The Black and Tans were Irish mercenaries known for their cruelty in defending the British rule against the Irish Republicans. The writer believes that the cruel practices of the Black and Tans in Ireland in the early 1900s explain why the Irish people have always shown sympathy and support for the Palestinians.
For some decades later, Britain continued to push for the division of Palestine into two states until the UN issued its decision on November 29, 1947 to partition Palestine between the Jews and Palestinians.
This could be why November is considered a tragic month for the Palestinians for marking these two distressing decisions that brought them injustice for more than a century.
The question here is, will Britain and other world powers come to their senses and recognise the Palestinian state in view of the growing public demand to end this long-standing injustice against the Palestinian people?

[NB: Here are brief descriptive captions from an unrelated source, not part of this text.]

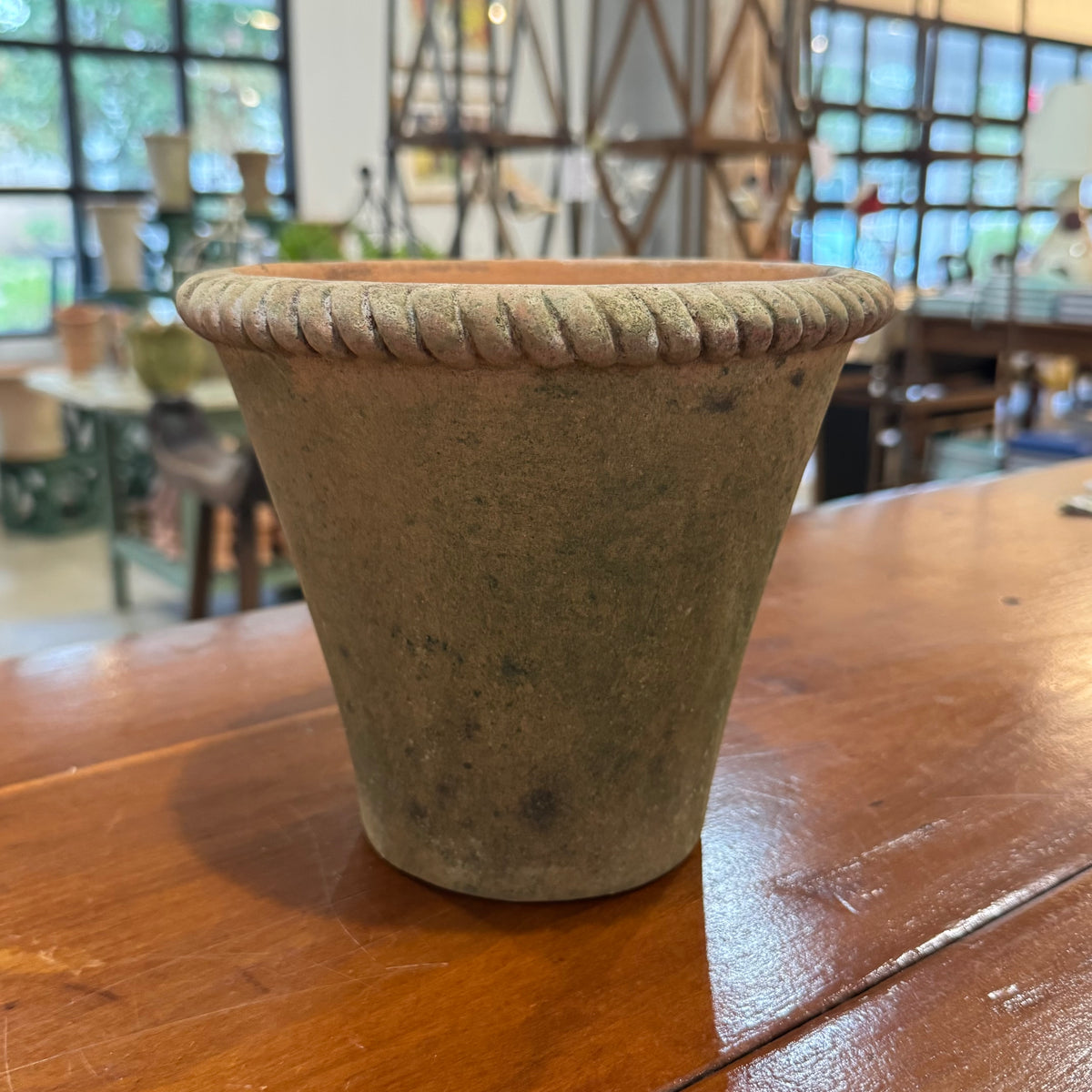 Dark Olive Green Mecate Planter 7" 100 Main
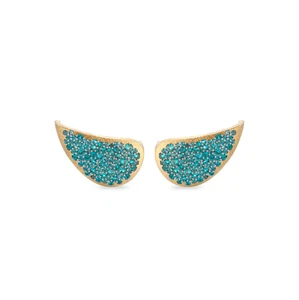 Orecchini ali d'angelo argento dorato satinato con zirconi paraiba Sogni OR113GP - Picture 1 of 4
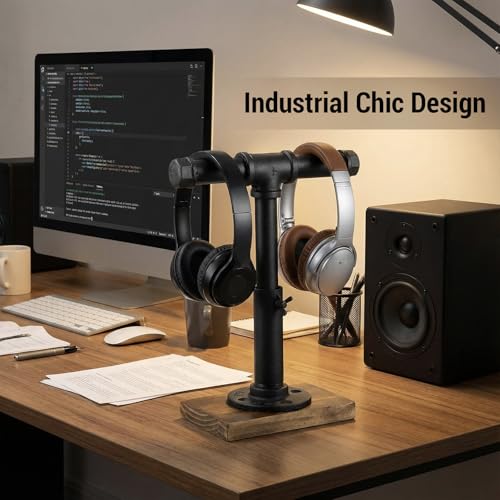 MyGift Industrial Pipe Black Metal T-Bar Jewelry Bracelet & Necklace Adjustable Height Display Stand with Brown Wood Base - color: Black / Brown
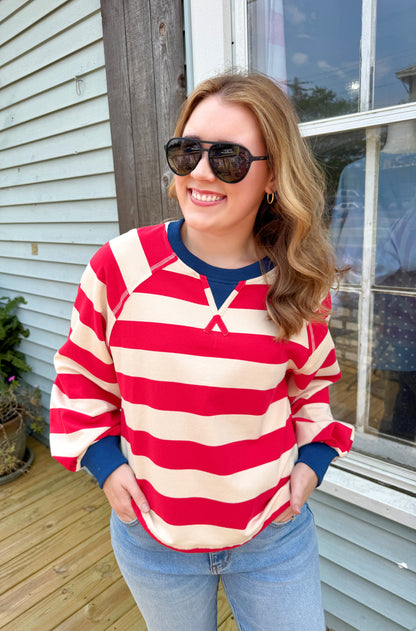 Keep It Casual Stripe Pullover (Red/Navy)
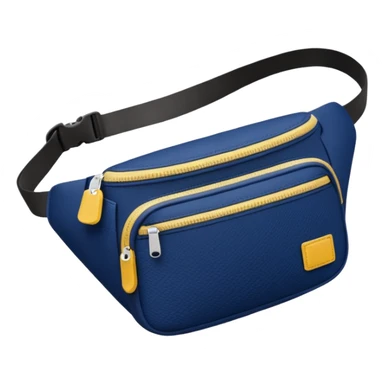 navy blue fanny pack angled view sticker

As November 29 is the Day of Solidarity with the Palestinian People, world public opinion is calling for the recognition of the state of Palestine in order to stop Israeli persecution of the Palestinians. However, Britain and other Western powers, including the US, are delaying this move on the pretext of not harming the peace drive that is based on the two-state solution.

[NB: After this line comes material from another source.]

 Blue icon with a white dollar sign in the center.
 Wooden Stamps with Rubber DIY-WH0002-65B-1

However, Western delay only encourages Israeli atrocities against the Palestinian such that successive Israeli governments have refused involvement in any peace talks on the basis of the two-state solution and the land-for-peace principle.
The incumbent Prime Minister of Israel Naftali Bennett made it clear that he will not allow the creation of the Palestinian state. Instead, he has built more settlements in the occupied Palestinian territories, thus dashing hopes for a Palestinian state.
One might wonder how the Palestinians would benefit if world governments did recognise of the state of Palestine on the territories occupied in 1967?
The answer is clear. Such recognition would give the Palestinians the right to restore their territories and not be branded as terrorists by the Israeli authorities. Besides, recognition would mean that Israel would be seen as the occupier.
Delay in recognition has allowed the Israeli authorities to treat the Palestinian youth, who struggle to restore their rights, as terrorists and detain them for years in Israeli prisons. Instead of being punished for its apartheid system against the Palestinians in Israel and the occupied territories, the Israeli government has stopped paying the Palestinian Authority its financial dues on the grounds that the latter would lend support to families of the Palestinian ‘terrorists’ jailed or murdered by Israel.
Last month, Israel even shocked the world community by listing six Palestinian civil societies as terrorist organisations, which was seen as “an attack on human rights defenders, on freedoms of association, opinion, and expression and on the right to public participation” as the UN High Commissioner for Human Rights Michelle Bachelet said.
Therefore, Britain and other world powers should put an end to this 104-year-old injustice against the Palestinian people and pressure Israel into ending its odious occupation of the Palestinian territories for the creation of the state of Palestine on the territories occupied in 1967.
It is worth noting that West Bank, Gaza, and East Jerusalem the Palestinians seek to restore, from no more than 22 per cent of historic Palestine, which the UN decided to divide between Arabs and Jews in 1947, for the creation of their state.